Sherlock glanced at his brother's PA but her face was impassive, and then he gave his mother a terse nod.

"Have you found them, the ones who did this to Myc?" his father asked, his voice hoarse.

Sherlock was aware of three faces turned to his, riveted but wary, although of course John had a different reason for his nervous expectation.

He let out a soft, low cough. "Yes, although they're still at-large. But we expect to have made a significant breakthrough by tonight. Which is why I'm here, I…"
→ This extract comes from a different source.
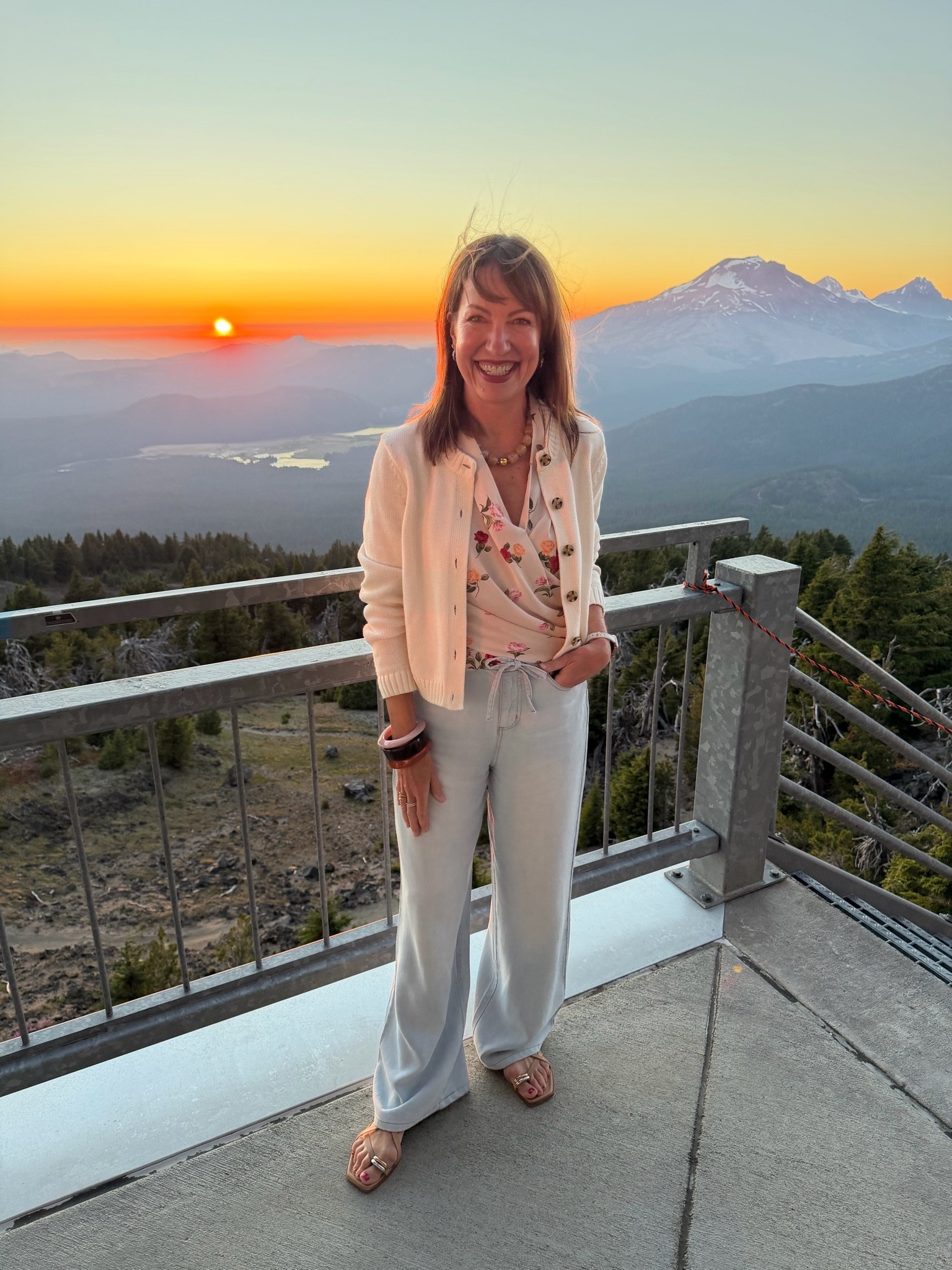 Date night outfit on top of Mt. Bachelor, Oregon!

Heartloom, splendid, floral halter top, cardigan, lounge denim, Dolce Vita

#LTKgrwm #LTKootd #LTKOver40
Again his mind went blank.

He opened his mouth, shut it, reopened it, and then clamped it shut again, as if the physical mechanism of preparing to speak would prompt his mind to supply words. It didn't; instead he felt his face begin to flush as his parents looked more and more bemused.

"Sherlock?" his mother said, her expression edging into concern, just as his father asked, "Are you all right?"

"Yes. Yes, I…"

Again he came to a stuttering halt, and he compensated by swearing vividly in his mind.

As he had pointed out earlier to John, it wasn't as if he were a stranger to delivering life-altering news. Although he considered it a tedious formality that served as the conclusion to many cases, it was nonetheless effortless to give verdicts to clients, be they ostensibly good or bad. Above all he was an ally to the facts, and he was merely the vector through which they passed from one party to another.

However he wasn't 'merely a vector' in this instance, and though he was fairly skilled at governing his own emotions, with Nero that was impossible. The information being relayed now was of a deeply personal, meaningful, and revealing nature, and he felt paralysed.

Telling his mother and father about Nero ought to be much easier than it had been to notify John. He was far less concerned with managing their perceptions of him, or how the news of his fatherhood would compromise those perceptions. They had known him for his entire life, of course – had raised him through the formative years that he went by 'Billy', had seen him through addiction, relapse, and recovery despite his own hostility and distance at that time, and had been there for his climb, rung by laborious rung, towards finally coming into his own as a consulting detective – so he had no apprehensions about reputation with them. Moreover, the news that he'd fathered a child would come as just as much of a life-altering shock as it had for John, but his parents would rejoice rather than worry about its implications.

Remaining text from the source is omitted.